A General Iridium-Catalyzed Reductive Dienamine Synthesis Allows a Five-Step Synthesis of Catharanthine via the Elusive Dehydrosecodine.

A new reductive strategy for the stereo- and regioselective synthesis of functionalized isoquinuclidines has been developed. Pivoting on the chemoselective iridium(I)-catalyzed reductive activation of β,γ-unsaturated δ-lactams, the efficiently produced reactive dienamine intermediates readily undergo [4 + 2] cycloaddition reactions with a wide range of dienophiles, resulting in the formation of bridged bicyclic amine products. This new synthetic approach was extended to aliphatic starting materials, resulting in the efficient formation of cyclohexenamine products, and readily applied as the key step in the shortest (five-step) total synthesis of vinca alkaloid catharanthine to date, proceeding via its elusive biosynthetic precursor, dehydrosecodine.

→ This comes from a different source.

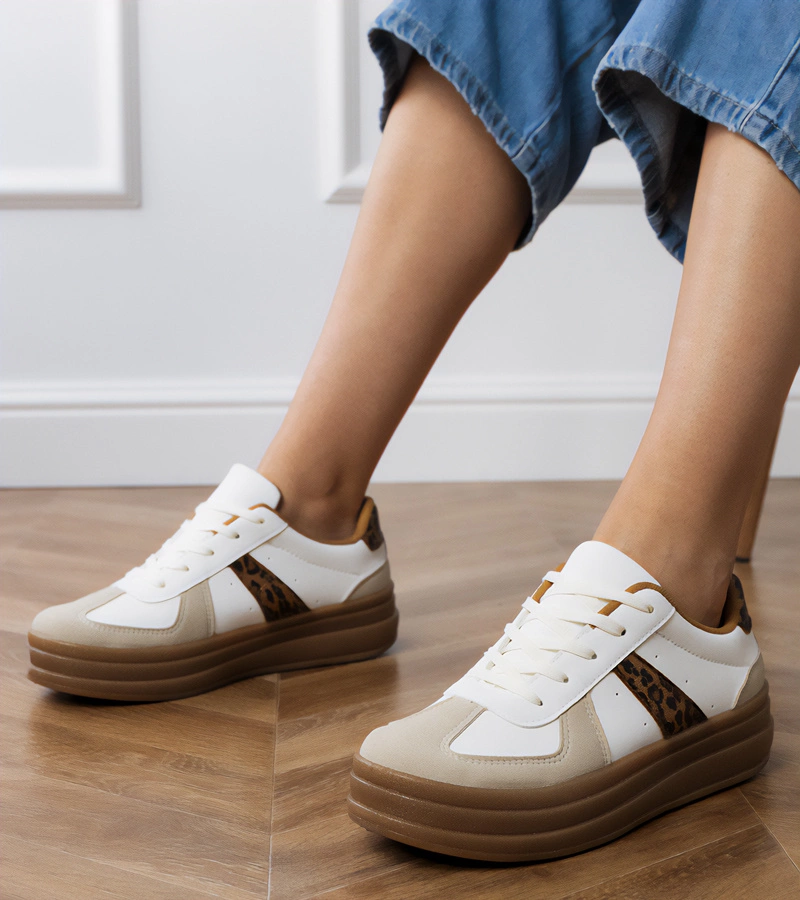 marka niezdefiniowana Adidași damă cu platformă Serila cu imprimeu de panteră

Saturated and semisaturated nitrogen-containing heterocycles are prevalent structures in bioactive natural products and pharmaceutical compounds,[1] and accordingly, new strategic approaches for their efficient and selective synthesis are important. In parallel, Diels–Alder reactions have been—for nearly a century—one of the most powerful tools for the construction of cyclic and polycyclic products, allowing the disconnection of six-membered rings to a four-electron diene component and a two-electron dienophile.[2,3] In the normal electron demand Diels–Alder reaction, electron-rich dienes locked in the reactive s-cis conformation are exceptionally reactive. As such, 1,2-dihydropyridines 1 are a class of compounds particularly poised for cycloaddition reactions, producing the 2-azabicyclo[2.2.2]octane ring system 2, also called isoquinuclidine (Scheme a).[4] This bridged nitrogen-containing bicycle is a familiar structural feature in a range of alkaloid natural products, for instance, catharanthine (3), cononusine (4), and caldaphinidine D (5) (Scheme b).[5] Additionally, isoquinuclidines have been used as intermediates toward octahydroisoquinolines in drugs and natural products, such as pseudotabersonine (6) and oseltamivir (7) (Scheme c).[6]

Scheme 1

(a) Diels–Alder Cycloadditions of 1,2-Dihydropyridines; (b) Isoquinuclidine-Containing Natural Products; (c) Use of Isoquinuclidines in Synthesis; (d) Existing Methods (and Limitations) toward the Synthesis of 1,2-Dihydropyridines and Downstream Isoquinuclidines; and (e) This Work

To date, because of their inherent instability, the selective and efficient generation of electron-rich 1,2-dihydropyridines has been challenging, and in most cases the presence of a carbamoyl, or similar, electron-withdrawing group on the nitrogen atom is required to make them sufficiently stable for downstream manipulation, albeit at the expense of further deprotection steps or functional group manipulation.[7] Other methods rely on the partial reduction of, or nucleophilic addition to, pyridinium species (Scheme d1),[8] but indirect strategies are often required to circumvent the undesired or imperfect regioselectivity in the borohydride-mediated reduction[7b,7c,7f] or nucleophilic addition. More recently, highly substituted (and inherently more stable) 1,2-dihydropyridines such as 12 have been generated via Rh-catalyzed C–H activation of α,β-unsaturated imines 10 (Scheme d2)[9] as well as via multistep cascade reactions involving proline-catalyzed Mannich cyclization followed by oxidation and reduction (Scheme d3).[10] Notwithstanding these elegant reports, only specific substitution patterns are currently accessible,[7−10] and a general strategy for the controlled synthesis of electron-rich 1,2-dihydropyridines currently remains elusive.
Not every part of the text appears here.